(Beginning of RECORDS SUPPLIED)
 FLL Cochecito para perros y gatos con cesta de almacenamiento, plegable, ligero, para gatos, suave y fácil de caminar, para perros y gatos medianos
(End of RECORDS SUPPLIED)
(Beginning of RECORDS SUPPLIED)
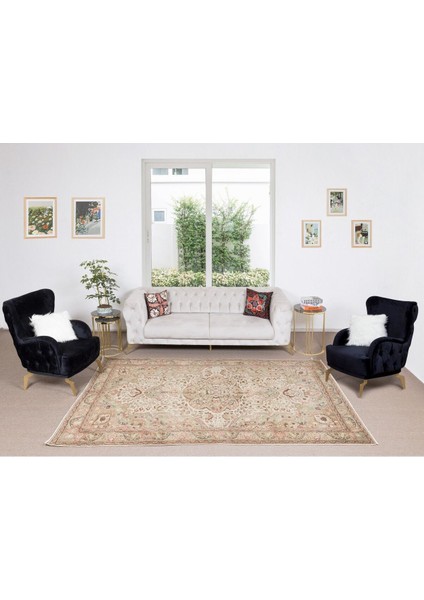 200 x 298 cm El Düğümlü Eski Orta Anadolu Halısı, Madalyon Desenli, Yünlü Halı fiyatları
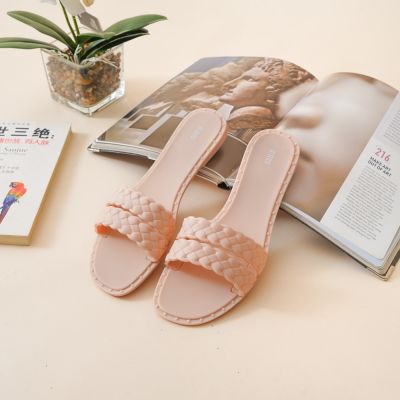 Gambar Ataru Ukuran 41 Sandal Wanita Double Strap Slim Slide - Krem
(End of RECORDS SUPPLIED)
WORK REQUIRED →
In the data above, find the line containing "200 x 298 cm" and the line containing "Gambar Ataru Ukuran". Repeat those two lines and everything between them exactly, minus the pictures.

EXERCISE RESPONSE →
 200 x 298 cm El Düğümlü Eski Orta Anadolu Halısı, Madalyon Desenli, Yünlü Halı fiyatları
 Gambar Ataru Ukuran 41 Sandal Wanita Double Strap Slim Slide - Krem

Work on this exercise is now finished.